Hundreds of thousands of dollars will be spent on producing this framework. These NGOs will give it to a developing country and say, “Here it is”. The people of the developing country will look at it and say, “That is nice, but how on earth can we hope to actually implement this if we do not have the capacity to implement?”
I will use a case as an example. President Johnson-Sirleaf of Liberia is a remarkable woman. She is trying to dig her country out of years of being subjected to conflict as a result of the greed and avarice of a thug, former president Taylor of Liberia, who subjected his people to unspeakable horrors. He destroyed his country. It was all because of a desire to have diamonds.
What President Johnson-Sirleaf needs is capacity building. She needs western countries and the private sector to help in building up the capacity within her own country so that Liberians can have the administrative frameworks and the governance structures that are required.
They need the ability to have the proper checks and balances, the banking system, the legal system and the security apparatus so the people of the country can be secure and also so there is the ability to invest in the educational opportunities the Liberian people need.
What do we have? Nothing. The world just disappears. Extraction still takes place, but there is an inability to connect the extractive industries and their profits. That is not only for the private sector but, very importantly, for the countries who need to use those moneys to build up their own capacity.
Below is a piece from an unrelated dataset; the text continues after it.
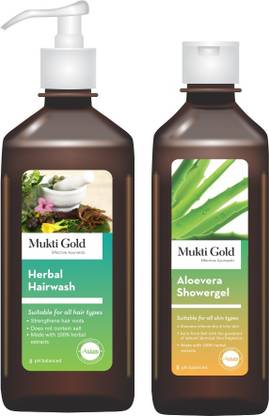 AXIOM Mukti Gold Combo of Herbal Hairwash 400 ml + Aloevera Showegel 250 ml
The last issue is conflict. I want to go again to the issue of Zimbabwe, because it is very important. We know that Mr. Mugabe and the four members of his joint operations committee have destroyed their country. We know that they are burning civilians alive. We know that as Zimbabwe falls, so does the entire southern African region in many ways.
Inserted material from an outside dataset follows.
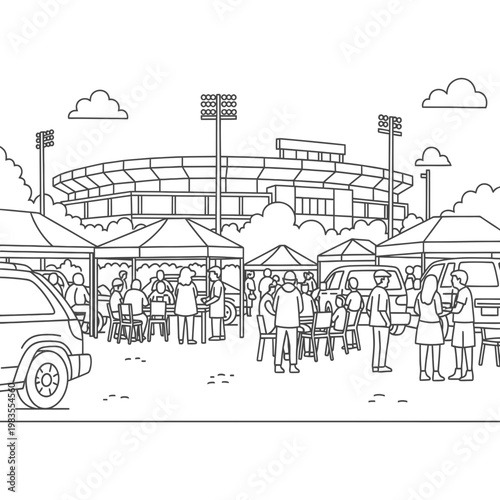 Tailgating Party Outside Sports Stadium Coloring Page Vector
I would implore the Canadian government to work with SADEC and the African Union to say to the leadership in Zimbabwe that if it does not stop this violence, if it does not allow election monitors to go into the country, and if it does not have a free and open election at the end of this month, then that leadership will be prosecuted for crimes against humanity.
If the leadership does not comply, then we must tell its members that we are going to organize an invasion force, a multilateral peacemaking force, to go into Zimbabwe. It should not be difficult. We know that 80% of the country is living on less than a dollar a day and most are malnourished and starving. A very small number is brutalizing these people. It needs to be removed.
The British did it in Sierra Leone and ended a conflict there that claimed a quarter of a million lives. We need to do the same in Zimbabwe as far as I am concerned. If we do not, then our responsibility to protect will mean absolutely nothing.